DashMap uses sharding to distribute each dashmap::mapref::entry::Entry in memory. This may cause multiple keys to map to the same shard, which will cause contention between clients when attempting to lock the same shard.
To reduce contention between multiple tasks who want the same shard, we use an exponential backoff to help give other tasks a chance to acquire the lock for a shard.
I don’t know if it’s ideal to use this spin-loop & backoff strategy, but it seems to work so I’ll run with it.
pub async fn throttle<Fut, F, T>(&self, key: K, f: F) -> T
where
Fut: std::future::Future<Output = T>,
F: FnOnce() -> Fut,
{
loop {
let mut backoff = get_backoff();
match self.rate_limiters.try_entry(key.clone()) {
None => {
// Safety: `next_backoff` always returns Some(Duration)
tokio::time::sleep(backoff.next_backoff().unwrap()).await
}
Some(entry) => {
let rate_limiter = entry.or_insert_with(|| RateLimiter::new(self.period));
return rate_limiter.value().throttle(f).await;
}
}
}
}
The throttle
function now accepts a key argument which it will use to select which rate limiter to throttle with.
We first try to grab the entry from the map.
If this operation fails, we back off & try again.
If the operation succeeds, we have a reference to an entry in the map. If a rate limiter isn’t associated with the key, we create a new rate limiter and insert it into the entry.

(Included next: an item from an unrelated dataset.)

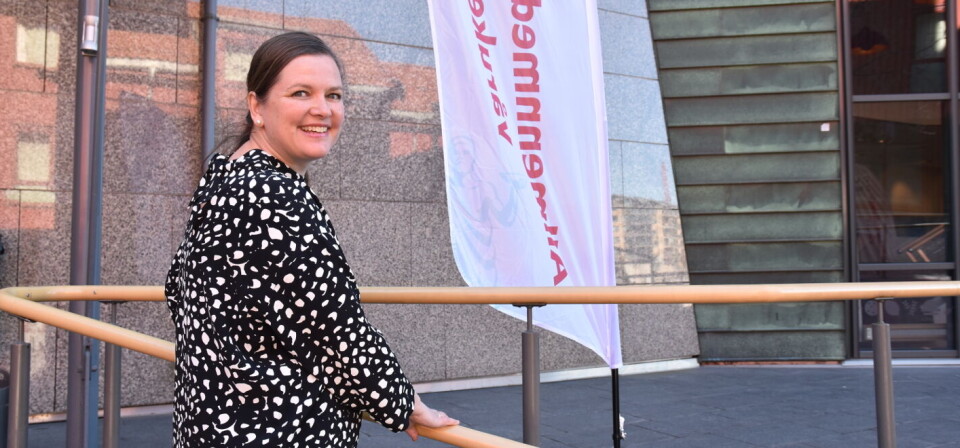 GLAD PRISVINNER: – Jeg er veldig overrasket og kjempeglad. Prisen inspirerer til å fortsette og til fortsatt å være fastlegesupporter, sier Årets allmennlege, Inger Johanne Ravn. Foto: Lisbeth Nilsen Foto:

Finally, we pull the rate limiter out & throttle the client.
The implementation
Here is the (boiled down) code for async_throttle::MultiRateLimiter:
use crate::sync::RateLimiter;
use backoff::backoff::Backoff;
use backoff::{ExponentialBackoff, ExponentialBackoffBuilder};
use std::hash::Hash;
use std::time::Duration;
pub struct MultiRateLimiter<K> {
period: Duration,
rate_limiters: dashmap::DashMap<K, RateLimiter>,
}
impl<K: Eq + Hash + Clone> MultiRateLimiter<K> {
pub fn new(period: Duration) -> Self {
Self {
period,
rate_limiters: dashmap::DashMap::new(),
}
}
pub async fn throttle<Fut, F, T>(&self, key: K, f: F) -> T
where
Fut: std::future::Future<Output = T>,
F: FnOnce() -> Fut,
{
loop {
let mut backoff = get_backoff();
match self.rate_limiters.try_entry(key.clone()) {
None => {
// Safety: `next_backoff` always returns Some(Duration)
tokio::time::sleep(backoff.next_backoff().unwrap()).await
}
Some(entry) => {
let rate_limiter = entry.or_insert_with(|| RateLimiter::new(self.period));
return rate_limiter.value().throttle(f).await;
}
}
}
}
fn get_backoff() -> ExponentialBackoff {
ExponentialBackoffBuilder::default()
.with_initial_interval(Duration::from_millis(50))

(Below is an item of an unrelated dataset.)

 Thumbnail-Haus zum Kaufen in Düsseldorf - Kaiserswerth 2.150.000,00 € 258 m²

.with_max_elapsed_time(None)
.build()
}
}
Testing
I wrote a few unit tests for each of the components.
Testing things that are time sensitive is hard; you rely on the CPU clock to provide you with a consistent time source. Using std::time::Duration and std::time::Instant::now isn’t perfect, but it is definitely pragmatic. I used these to run pseudo-benchmarks on the test code.
The curious reader can visit lib-wc/experiments/tokio-rate-limit to see the rate limiter in action. Try to run it yourself!
Conclusion
We did it!
async_throttle::MultiRateLimiter provides support for multiple, independent keys while async_throttle::RateLimiter provides the rate limiting logic.
By using a few building blocks from the Tokio and DashMap libraries we’ve built a high-level construct which helps control the rate of computation in a program.
You can find documentation for both of these tools on docs.rs/async-throttle.
Addendum
I’ve shamelessly stolen the phrase “the recipe” from Alice Ryhl.
Additionally, I’ve started to use ChatGPT and GitHub Copilot when working with Rust. It’s an interesting strategy; copilot can massively reduce the amount of typing I have to do, but it’s not perfect. I use ChatGPT as a tool which gives me pretty good answers most of the time™.
Copilot and ChatGPT can be especially helpful for discovery. I’ve learned countless things about Rust from these tools including fancy syntax, commands, idioms, and even new crates!